净水厂污泥(WTPS)是净水厂在饮用水处理过程中加入铁盐、铝盐或铁铝盐絮凝沉淀水中悬浮物产生的安全副产物[11-12].相关研究表明,非晶型结构的Fe和Al赋予了WTPS对较多污染物具有高吸附能力,例如磷(P)[13-14]、重金属[15]、有机污染物[16]和硫化氢等[17],其中WTPS对磷的吸附研究深受研究者青睐. WTPS具有高效稳定的磷吸附能力[18-20],并且吸附的磷比较稳定且不易再释放[21].但课题组前期研究表明,WTPS直接使用过程中会向水体中释放氨氮和有机物[22],造成二次污染,因此,课题组自主研发了煅烧改性净水厂污泥(C-WTPS),不仅消除了向水体释放氨氮和有机物问题,而且还增加了磷吸附量[23].

本文以自主研发的C-WTPS作为污染底泥活性覆盖材料,室内静态模拟实验研究C-WTPS覆盖强度对控制底泥磷释放效果的影响,分析C-WTPS和底泥中不同形态磷含量变化,探讨C-WTPS薄层覆盖对上覆水体中pH、溶解氧和氧化还原电位的影响.研究成果可为C-WTPS覆盖控制底泥磷释放的实际应用提供理论依据和技术支撑.

1 材料与方法 1.1 实验材料

实验使用的底泥取自华侨大学厦门校区白鹭湖表层底泥.将所取表层底泥通过16目(孔径1 mm)的筛网、混合均匀得到实验底泥,其物理化学性质如表 1所示.实验所用的水为实验室自来水.

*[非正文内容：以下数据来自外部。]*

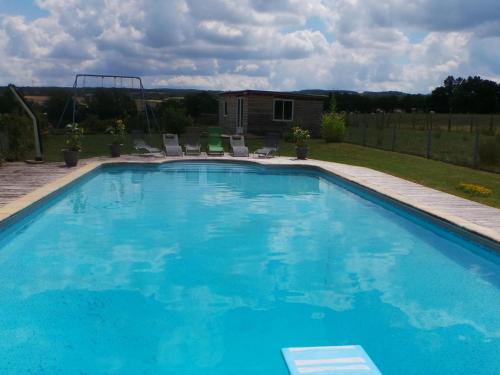 uma grande piscina azul num quintal em Gîte Creuzier-le-Neuf, 4 pièces, 6 personnes - FR-1-489-76 em Creuzier-le-Neuf
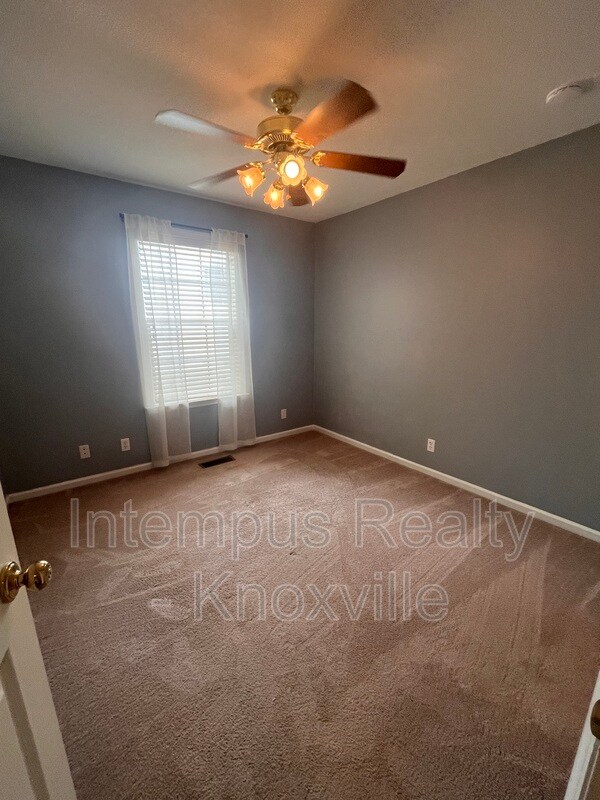 Building Photo - 1333 Willmann Ln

表 1 底泥物理化学性质 Tab. 1 Physical and chemical properties of sediments

实验所用的C-WTPS:WTPS取自于厦门某净水厂的脱水后污泥,水厂絮凝剂以铝盐絮凝剂为主,采集的样品质地松软,含水率约为70 % ~75 %,自然风干后样品含水率降至10 % ~13 %.将自然风干的样品放入马弗炉中,在400℃下恒温煅烧2.5 h制得C-WTPS,通过机械破碎筛分获得1~2 mm的颗粒材料,C-WTPS制备参数选择详见参考文献[23],煅烧改性前后污泥理化性质变化详见参考文献[24].

1.2 实验装置与方法

实验在容积为5 L、直径150 mm广口玻璃瓶中进行,共有12个广口瓶,分为6组,每组2个平行样,编号为0#~5#,其中,0#为对照系统(未覆盖);1#~5#为C-WTPS覆盖系统,C-WTPS覆盖强度分别为0.25、0.50、1.00、1.50和2.00 kg/m2.每个瓶中底泥重量为1.21 kg,厚度约为5 cm.通过塑料软管利用虹吸原理将自来水缓缓沿瓶壁加入瓶中,上覆水体积为4 L,高度为20 cm.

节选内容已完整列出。